Apesar do título, não vou falar de vinhos, nem de floresta. Minha Reserva não cabe em tonéis, nem tem edição limitada; tampouco pode ser demarcada para preservação. Minha Reserva - e digo minha só porque sou eu que estou escrevendo sobre ela, pois que a ela nem se aplica exatamente a ideia de propriedade - é de outro tipo.
O
último piquenique, apesar da ausência-presente da Veronika, foi delicioso... O dia amanheceu nublando (assim mesmo, no gerúndio), mas logo o sol apareceu para nos esquentar e iluminar nosso piquenique. A toalha estendida, as comidinhas espalhadas, e muitas conversas com aqueles que vão se tornando familiares e com aqueles que apareciam pela primeira vez. Um experimentadinha no quitute novo, e uma experimentadinha na conversa nova; uma capitulação à receita já conhecida e um novo sabor na conversa familiar. Tudo bem longe do tempo do relógio, que na praça o tempo é que nem a toalha: se estica, se espraia, perde a borda.

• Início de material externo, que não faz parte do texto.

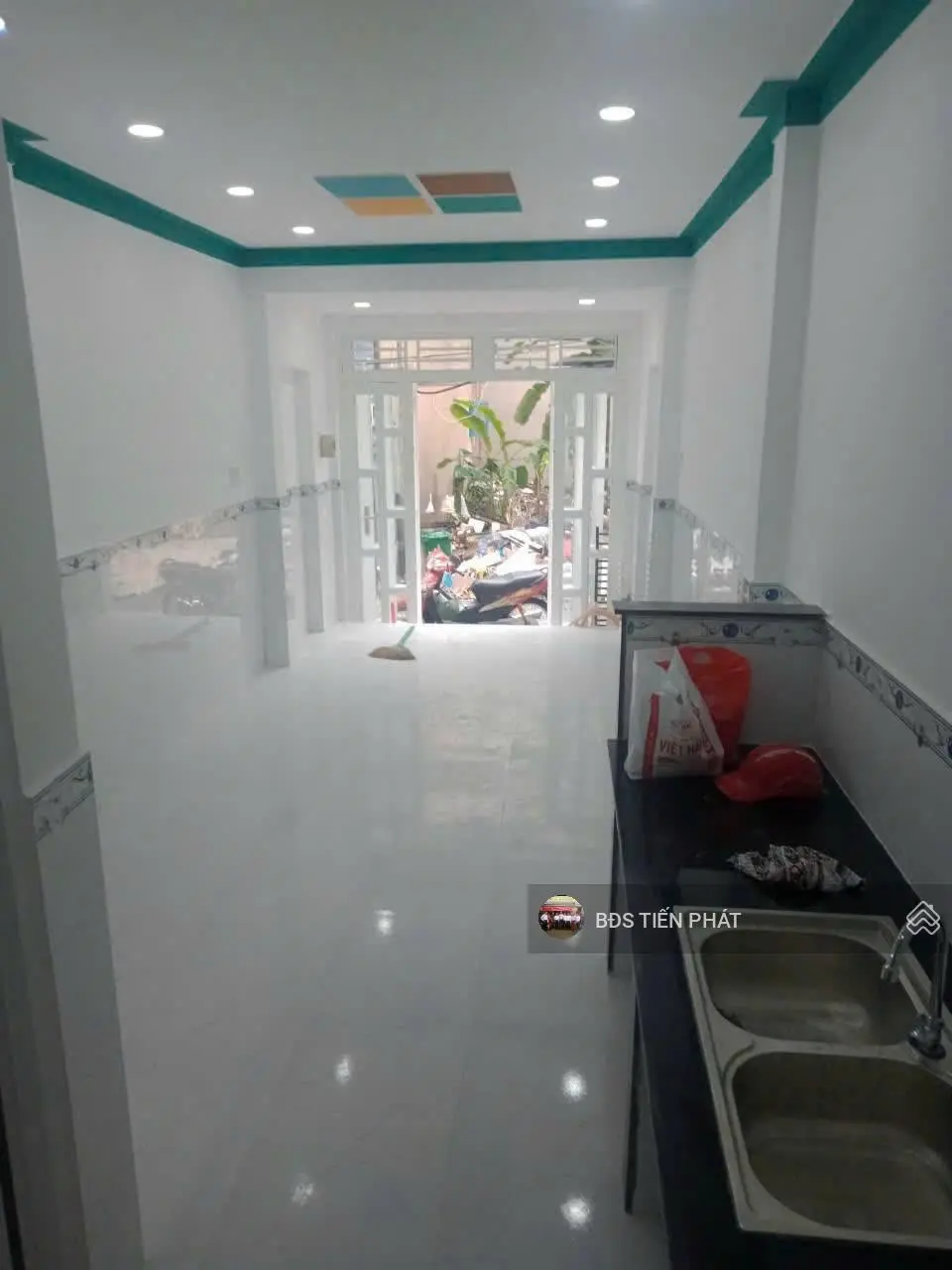 Bán nhà riêng tại Đường Chiến Lược, 3,1 tỷ, DT: 3x9m, 1 lầu đúc, 2PN, 2WC, giá tốt!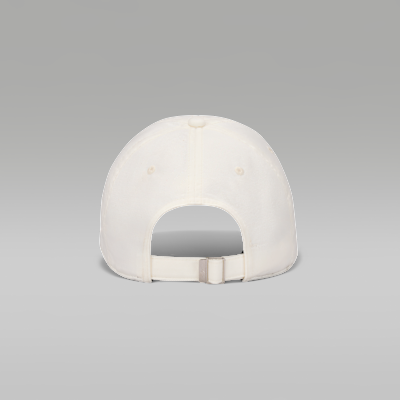 Jordan Club Unstructured Cap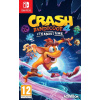 Nintendo Switch - Crash Bandicoot 4: Už bolo načase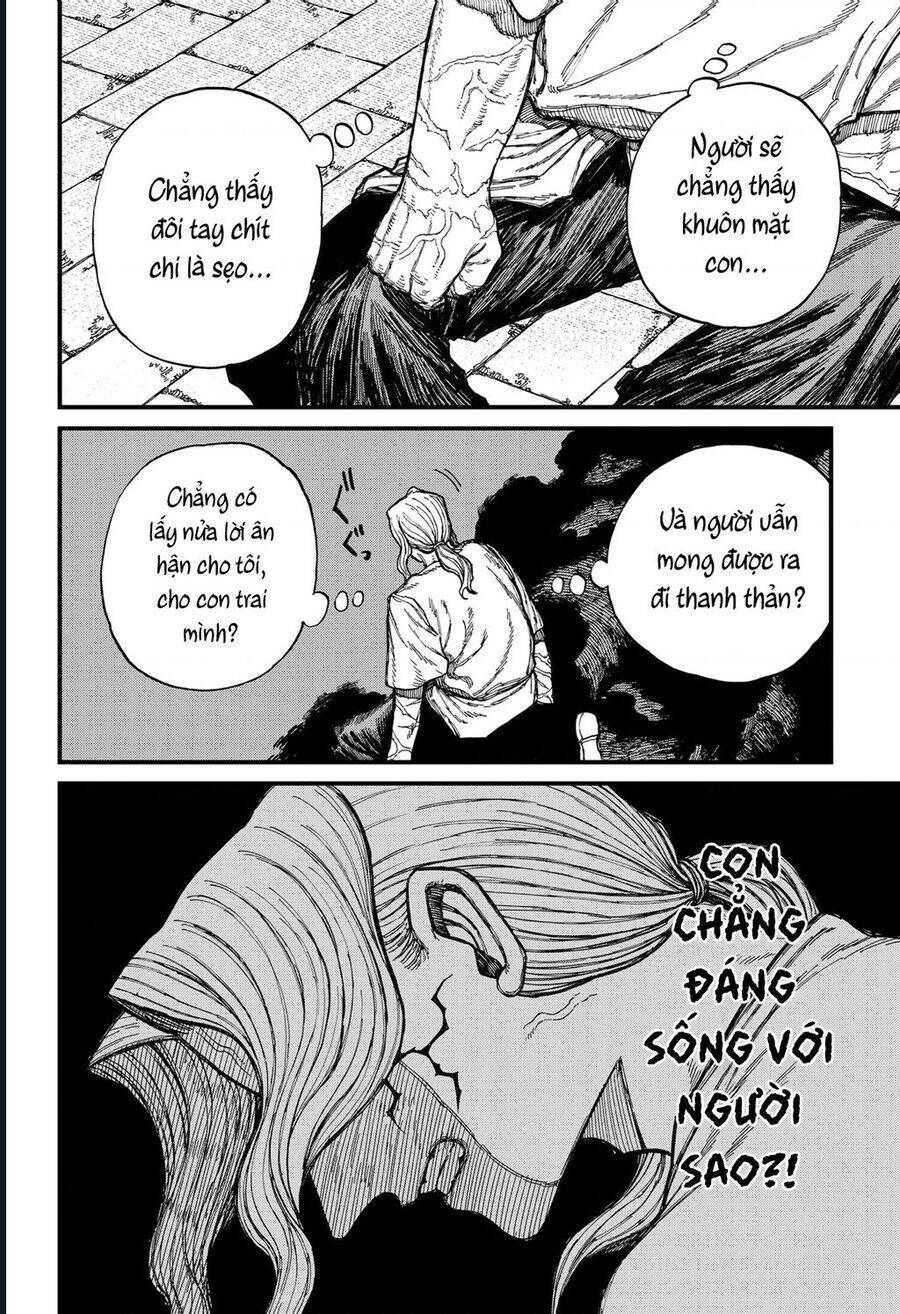 Centuria: Chapter 39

E tem pão quentinho, tem berinjela temperadinha, tem bolo de banana, sanduichinho de ovo, café quentinho, chá, suco de buriti (delicioso!)... E tem a compota da Chus que, juro para vocês, é tão luminosa que parece que ela colheu a manhã ensolarada, misturou com açucar e guardou lá dentro. E tem tanto cuidado e carinho, nas farinhas, ovos, frutas, nos óleos, no açucar e no sal... A gente sai do piquenique satisfeito - de barriga e coração quentinhos.
E é por isso que eu falei de Reserva. Sabe num dia que nem hoje? Cinzento, chuvoso, de caos no trânsito? Então. A cada piquenique a gente monta uma reservinha - da hora em que começa a se preparar à hora em que decide levantar acampamento - de luminosidade, quentura e paciência. E sabe naqueles dias de tristeza, em que o cinza é dentro da gente? Então. A alma acostumada a se esticar nos piqueniques cutuca o cinza, até a gente lembrar que a vida passa rápido - e que por mais funda que seja a melancolia, de repente tem um outro dia e a gente abre a janela, tira o pó dos móveis, bate as colchas e põe no forno alguma coisa que cheire até não deixar vestígio de sombra. E nos dias de absoluta solidão? A gente pode acorrer à reservinha de partilha, risadas, gritos infantis cheios de descobertas ou mesmo recuperar o silêncio de esticar o ouvido para ouvir melhor o grilo que se esconde na grama alta.
Nos piqueniques, a gente faz uma reservinha de vida bem vivida - com prazer, boa companhia e sem pressa. Partilhando uns minutinhos que viram horinhas de conversa, que viram dias inteiros de brincadeira, que viram meses de convívio e troca. Pra lembrar a gente de como é boa essa vida sem agenda.